# School take 11 year-old children to sex shop



## Dude111

www.intellihub.com/parents-furious-...chool-taking-11-year-old-children-to-sex-shop

All I can say is HOMESCHOOL!! (If one can afford it)


----------



## iliketodisco

That seems like inflammatory clickbait...


----------



## Dude111

Yes its disgusting they would take 11yos to a place like that!! (LET KIDS BE KIDS)


----------



## SecondtimeMama

If you don't want to click the clickbait: http://nypost.com/2015/06/03/teacher-takes-young-students-on-field-trip-to-sex-shop/ appears to be 11-17 year olds, not a group of 11 year olds, and from a small private school not a public school. Still problematic, but on a different scale that Dale is implying.


----------



## RCHOUDH

Still very unfortunate and sad.

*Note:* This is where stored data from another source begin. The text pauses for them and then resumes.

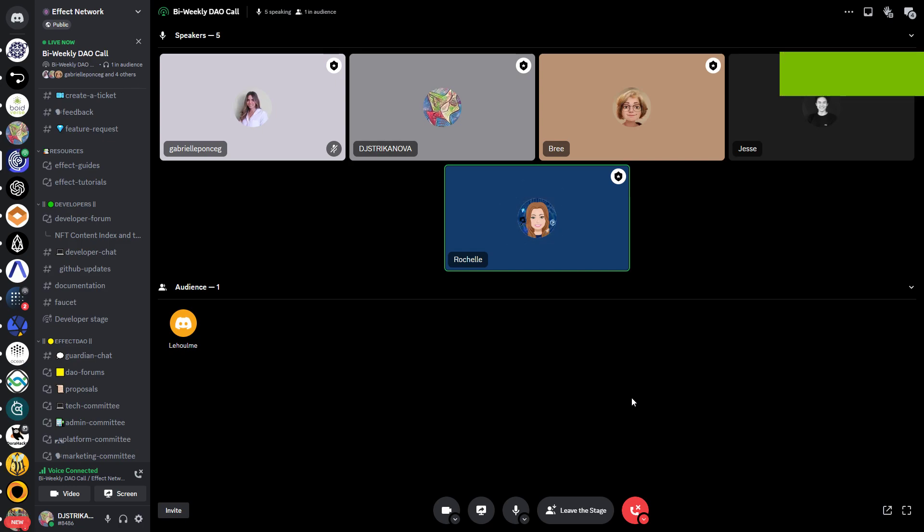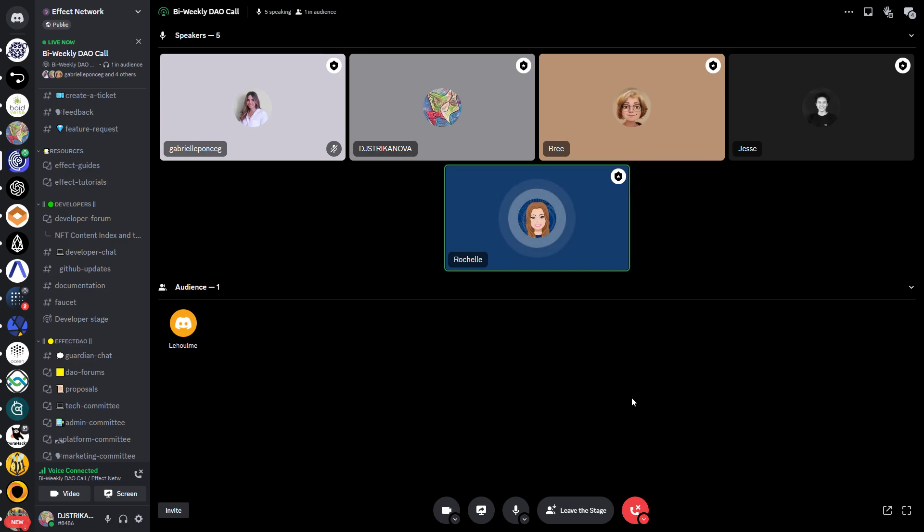Welcome to the DAO call. We have a few things to discuss - two items on the agenda this week: a developer update about the UI, which Jetsi will weigh in on, and the DeFox mining pool promotion with DeFiBox. Jetsi has some exciting developer updates, so take it away.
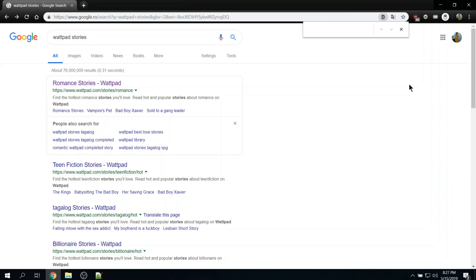Hello everybody, here it's Sebi and today I want to show you guys how to copy a text from Wattpad in Educational Purpose.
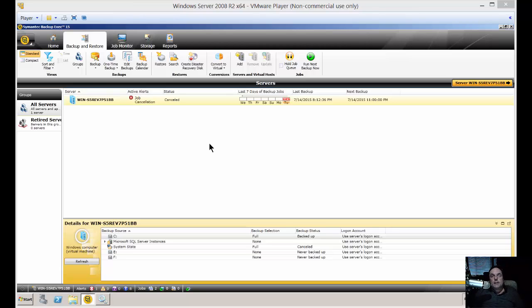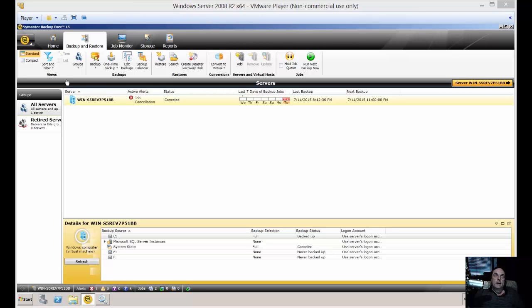We're in Backup Exec 15. I'm going to show you how to automatically overwrite a backup drive when it gets filled up. Sometimes if you have that problem and it may fill up in the middle of the night, then you're going to miss a backup. So you want it to automatically overwrite for you.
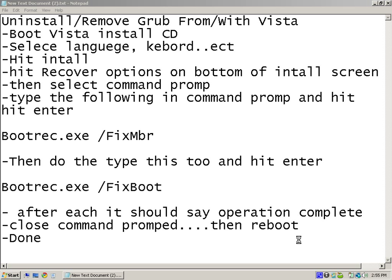All right, this is how to uninstall or remove GRUB from and with Vista. What you want to do is get your Vista installation CD, put it in, and boot from CD-ROM with your computer.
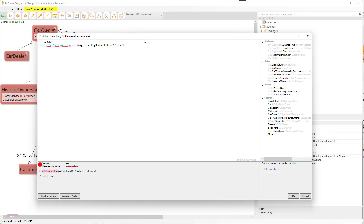Let letter one equal letter one plus one, so I want to increase it by one. But once letter one gets bigger than Z, I want it to reset to A. Initially I only want to increase letter one, and when it reaches Z, then letter two should increase by one — just like we do with numbers.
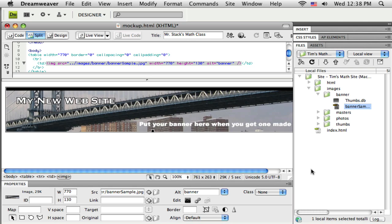Okay, welcome to part 4 of this set of tutorials. We've just started our layout here in Dreamweaver. I've put in my initial table and just dropped a sample banner in. Now I'm ready to make the second region here on my page in my layout.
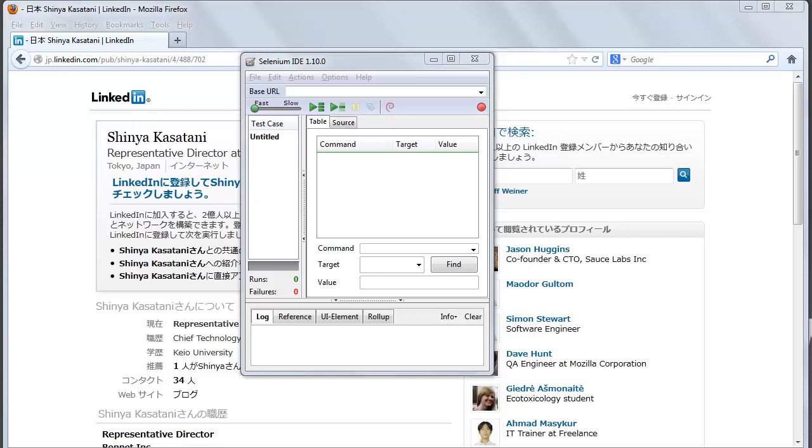With autocomplete support and the ability to move commands around quickly, Selenium IDE is an ideal environment for creating Selenium tests no matter what style of tests you prefer.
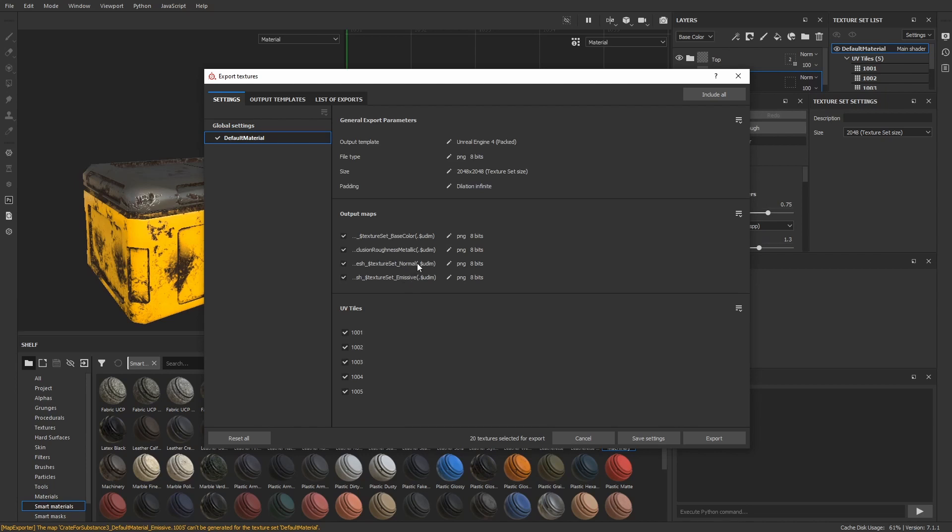Here you can see once again that we only use one texture set using four different output maps. We do not have anything emissive. So only three will be created and we get one texture for each tile. This is just an example and could of course be optimized. For instance, most of the tiles wasted a lot of space.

What were they thinking doing that??


----------



## MeepyCat

Dude111 said:


> www.intellihub.com/parents-furious-over-socialist-style-democratic-school-taking-11-year-old-children-to-sex-shop
> 
> All I can say is HOMESCHOOL!! (If one can afford it)


Or, in this case, "don't pay private school tuition to schools that don't share your values."

The legal age of entry for any sex shop is 18, so I guess this was a special outing to be turned away at the door of a sex shop.


----------